The uncomfortable implication: investment beliefs that served you well may not survive the next decade. Value investing dominated for generations, then spent years looking obsolete. Momentum works until regime changes punish it severely. Small-cap premiums appear and vanish across eras and geographies. No approach carries a permanent edge.
This doesn’t mean abandoning conviction. But it suggests holding conviction with humility. If your entire portfolio reflects a single view of how markets work, you’re betting that view remains valid indefinitely.
A partial allocation to a fund whose philosophy differs from yours acknowledges you might be wrong, or that markets might evolve in ways that favour a different approach.
Start small. Observe how it behaves through different conditions. Notice how you feel holding it.
The goal is making decisions you can live with, not predicting which worldview markets will reward next.
Holding well
The data shows that even having picked well means underperforming a third to almost half the time. The question is what you do next.
Style drought or process failure?
Ask: Is this a bad time for the fund’s style, or is the fund’s process broken?
A value-oriented fund trailing in a momentum-driven market is the former. The style is out of favour; the process may be intact. This is when patience is appropriate, and often when it’s hardest. A fund drifting from its stated mandate, or one with a mandate too vague to evaluate, is the latter.
The cost is certain, the benefit isn’t
The fund you switch to must compensate for the certain costs of exiting your current one. Those costs are known. Whether the new fund delivers is not.
The disposition effect works against us here: we’re prone to holding losers too long and selling winners too early. The goal isn’t to never sell. It’s to sell for the right reasons, knowing what it costs.
Our side, your side
The behaviour gap is real. We saw it in 17 of 18 Funds over the past decade. But the lesson isn’t simply to “stay invested”. That’s too convenient coming from a fund manager who benefits when you don’t leave.
The honest version is messier:
Investor returns depend on two decisions, both of them not straightforward. Picking a fund worth holding. And then actually holding it when doing so feels foolish.
The investors who do well get both right, or at least avoid getting both catastrophically wrong. They choose funds based on process, not recent glory. They expect discomfort and don’t mistake it for a signal. They don’t go all-in, and take advantage of the ability to partially allocate before scaling up. And when they decide to move, they do it deliberately, not reactively.

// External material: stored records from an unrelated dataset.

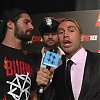 WWE_2K18_UpUpDwnDwn_Interview_Captures_332.jpg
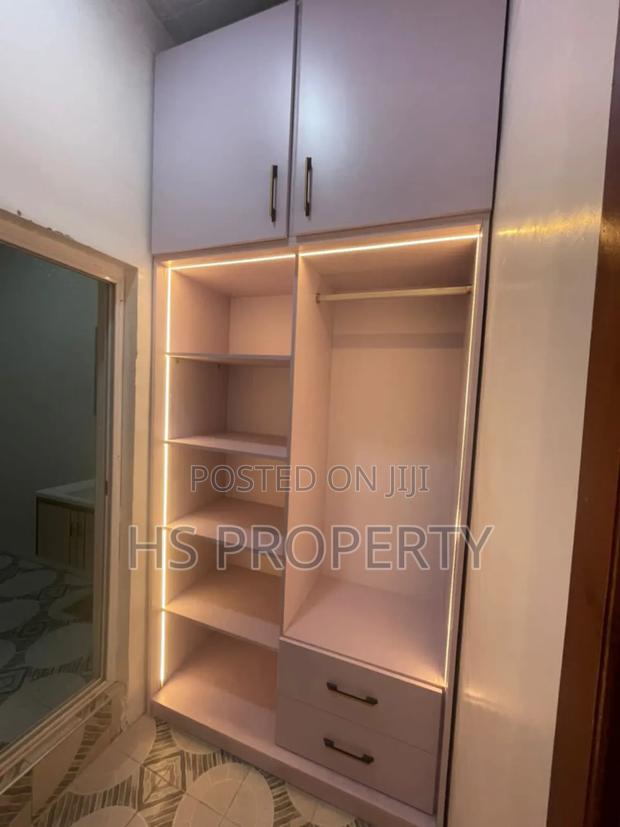 2bdrm Apartment in Osu for rent photo 5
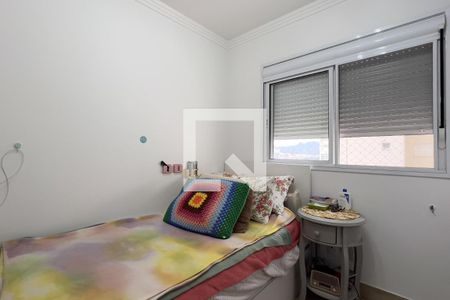 Quarto 1 de apartamento à venda com 3 quartos, 106m² em Jardim Flor da Montanha, Guarulhos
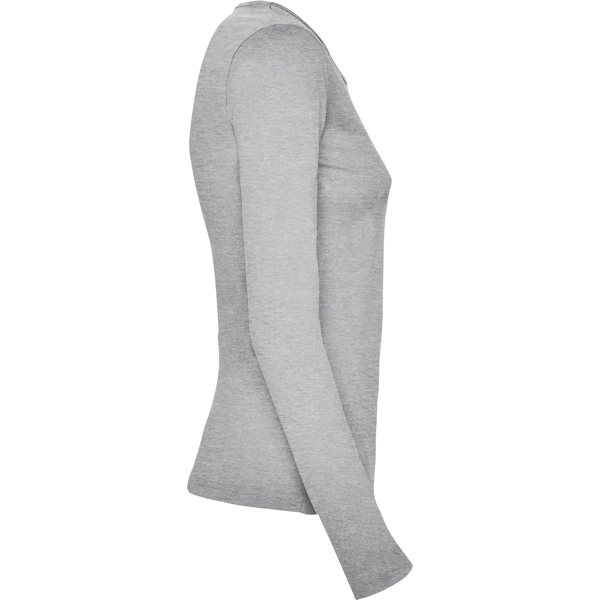 Immagine EXTREME WOMAN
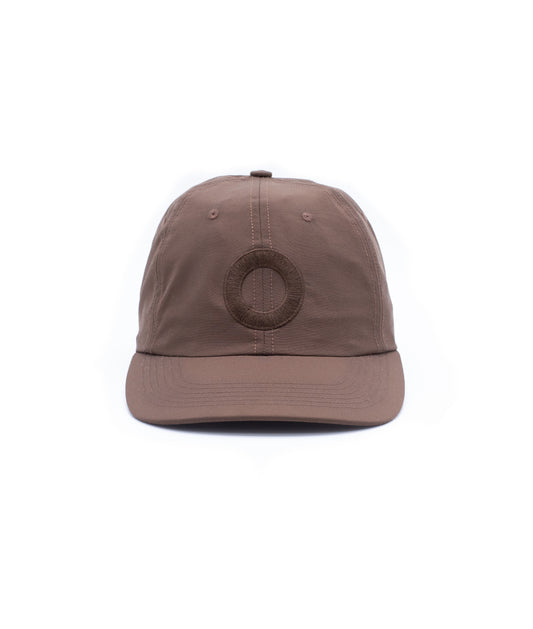 Pop Trading, O SIXPANEL HAT, DELICIOSO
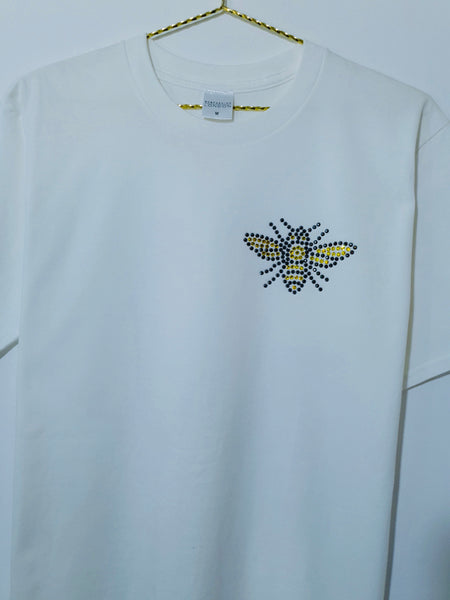 Bumblebee T-Shirt - (Unisex)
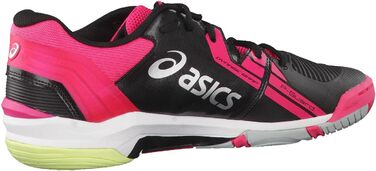 Кросівки ASICS Gel-Blast 6 W - жіночі, для бігу та занять спортом
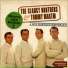 The Clancy Brothers, Tommy Makem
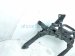 2018 Honda Civic Crossmember Front Engine Sub Frame / Cradle 50200 TGH A02 Replacement 2018 Honda Civic Crossmember Front Engine Sub Frame / Cradle 50200 TGH A02 Replacement thumbnail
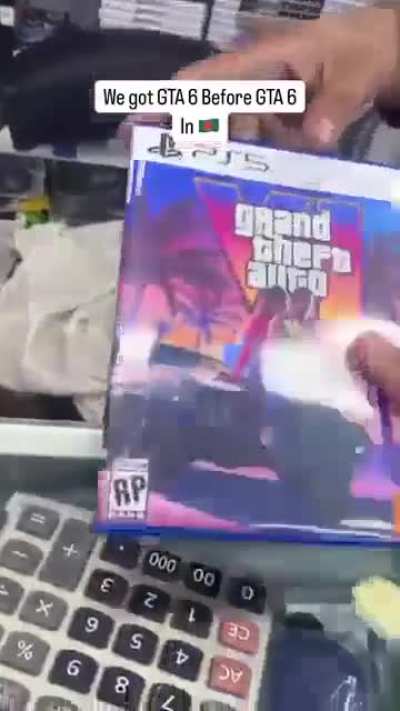 Packing my bags and going to Bangladesh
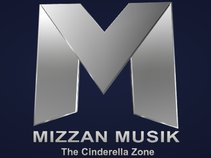 MIZZAN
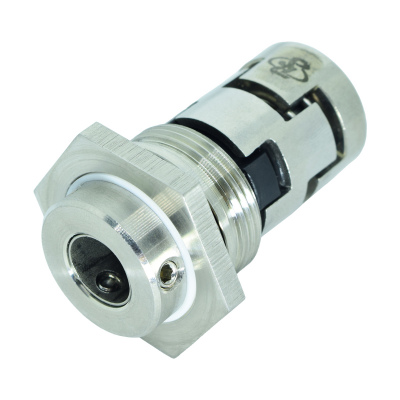 SELLO MECANICO - GRUNDFOS 12MM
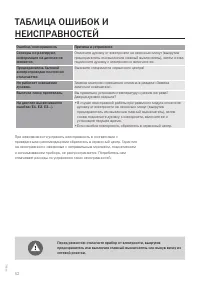 Страница 52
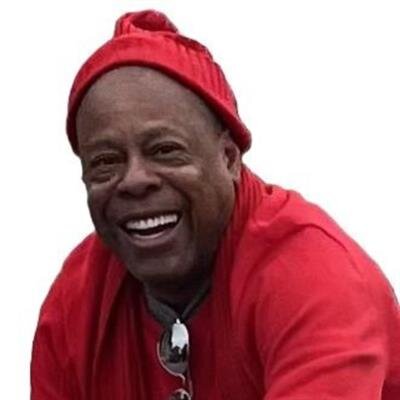 Ronnie Brooks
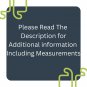 A Connecticut Yankee In King Arthurs Court Mark Twain 1917 Illustrated Fiction
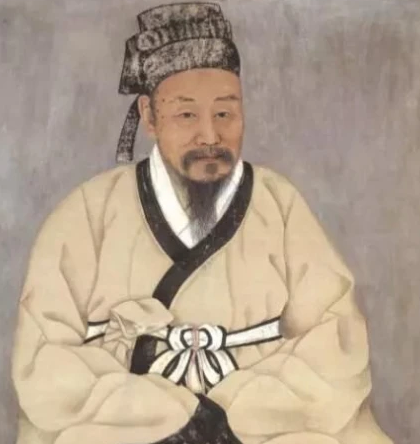中国历史上唯一的“十朝元老”——冯道，人生是什么样的？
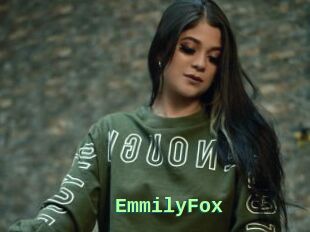 EmmilyFox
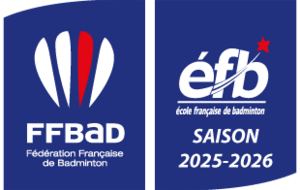 logo AFB 1 étoile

Our goal at Capitalmind is to build funds worth staying in. Our investment philosophy is our own, shaped by what we’ve learned, tested, and found to work for us. We’re not claiming it’s the only way, just that it’s ours, not inherited, not imitated. And to be transparent about what we do. Honest when we’re struggling. Consistent in our approach, with a bias towards gradual sustained improvement.
We’ll have difficult stretches, that’s a given. When that happens, we’ll tell you what we’re seeing, whether we think it’s cyclical or structural, and what we’re doing about it. That’s our side of the deal.
Your side is knowing that at least a quarter to a third of your holding period will probably feel uncomfortable.
The returns your fund earns are only half the story. The returns you keep depend on you.
This analysis has blind spots. If you see them, or if your experience contradicts what we found, let me know.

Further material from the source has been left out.